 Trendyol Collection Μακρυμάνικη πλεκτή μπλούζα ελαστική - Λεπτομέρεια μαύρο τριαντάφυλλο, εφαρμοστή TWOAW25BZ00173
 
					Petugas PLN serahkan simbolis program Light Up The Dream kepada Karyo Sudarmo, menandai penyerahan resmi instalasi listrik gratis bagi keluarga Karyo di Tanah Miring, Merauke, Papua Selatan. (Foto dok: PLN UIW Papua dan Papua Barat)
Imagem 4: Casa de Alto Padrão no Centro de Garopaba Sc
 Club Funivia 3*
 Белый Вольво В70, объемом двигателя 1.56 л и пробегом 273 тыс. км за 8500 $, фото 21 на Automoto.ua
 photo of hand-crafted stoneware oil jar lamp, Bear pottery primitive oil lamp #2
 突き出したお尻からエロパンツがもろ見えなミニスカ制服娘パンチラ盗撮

* * *

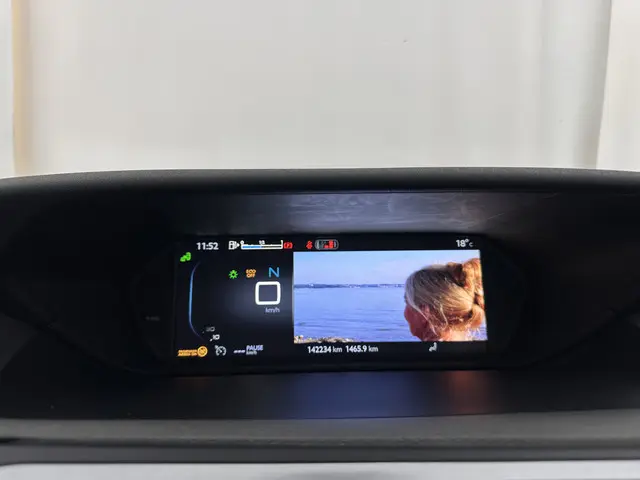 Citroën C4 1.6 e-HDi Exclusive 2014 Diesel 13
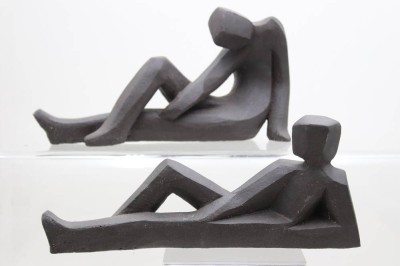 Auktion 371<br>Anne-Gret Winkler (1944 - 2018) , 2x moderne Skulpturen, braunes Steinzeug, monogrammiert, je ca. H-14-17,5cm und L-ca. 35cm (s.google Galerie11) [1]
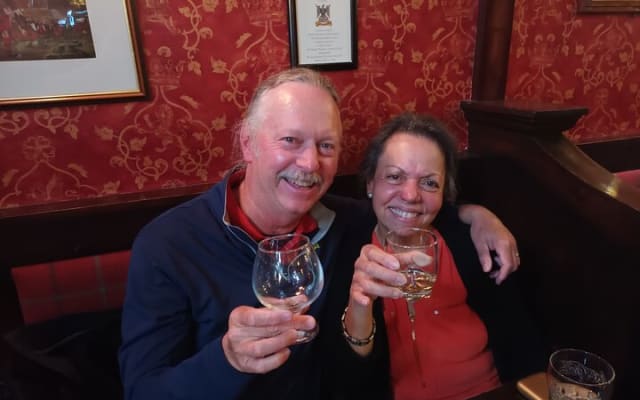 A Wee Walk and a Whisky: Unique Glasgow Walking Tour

...

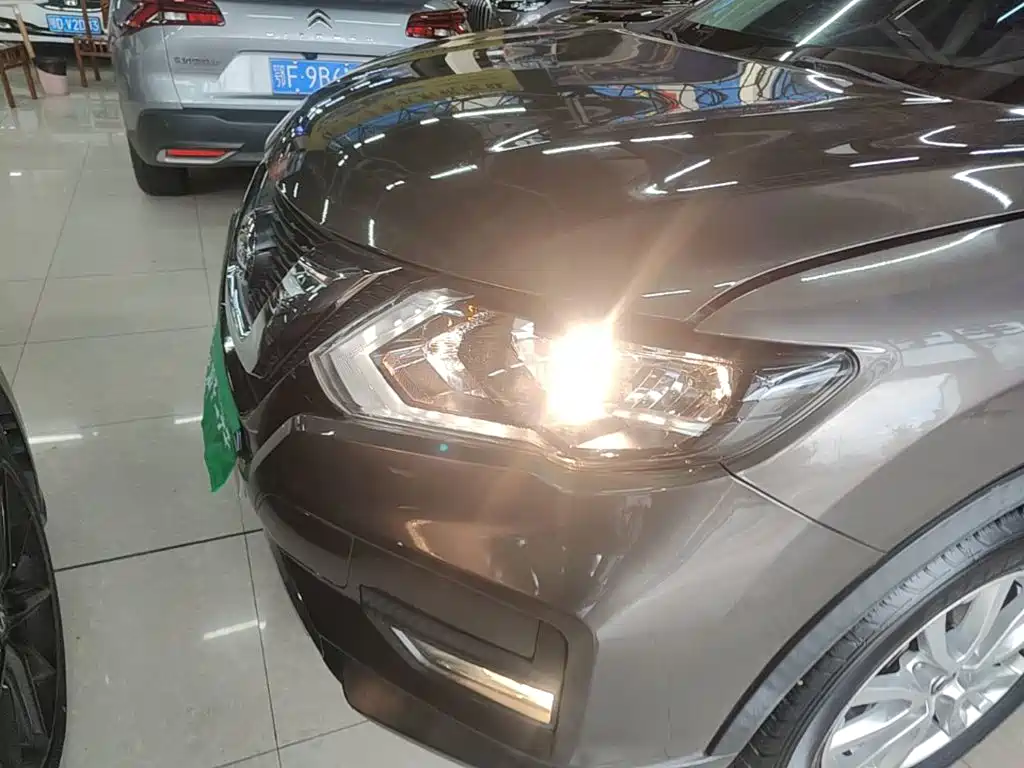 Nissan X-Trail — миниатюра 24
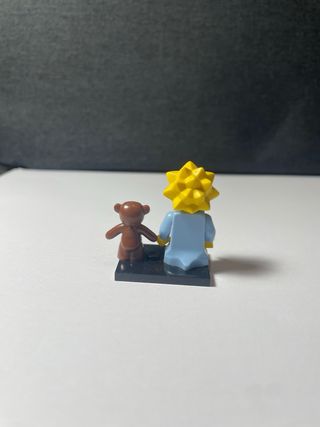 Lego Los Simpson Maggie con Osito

*Exercise description*:
Here the job is to set down exactly the lines of the material above that fall between the one with "Trendyol Collection Μακρυμάνικη" and the one with "突き出したお尻からエロパンツがもろ見えなミニスカ制服娘パンチラ盗撮", inclusive, and nothing beyond them.

*Reply to the task*:
 Trendyol Collection Μακρυμάνικη πλεκτή μπλούζα ελαστική - Λεπτομέρεια μαύρο τριαντάφυλλο, εφαρμοστή TWOAW25BZ00173
 
					Petugas PLN serahkan simbolis program Light Up The Dream kepada Karyo Sudarmo, menandai penyerahan resmi instalasi listrik gratis bagi keluarga Karyo di Tanah Miring, Merauke, Papua Selatan. (Foto dok: PLN UIW Papua dan Papua Barat)
Imagem 4: Casa de Alto Padrão no Centro de Garopaba Sc
 Club Funivia 3*
 Белый Вольво В70, объемом двигателя 1.56 л и пробегом 273 тыс. км за 8500 $, фото 21 на Automoto.ua
 photo of hand-crafted stoneware oil jar lamp, Bear pottery primitive oil lamp #2
 突き出したお尻からエロパンツがもろ見えなミニスカ制服娘パンチラ盗撮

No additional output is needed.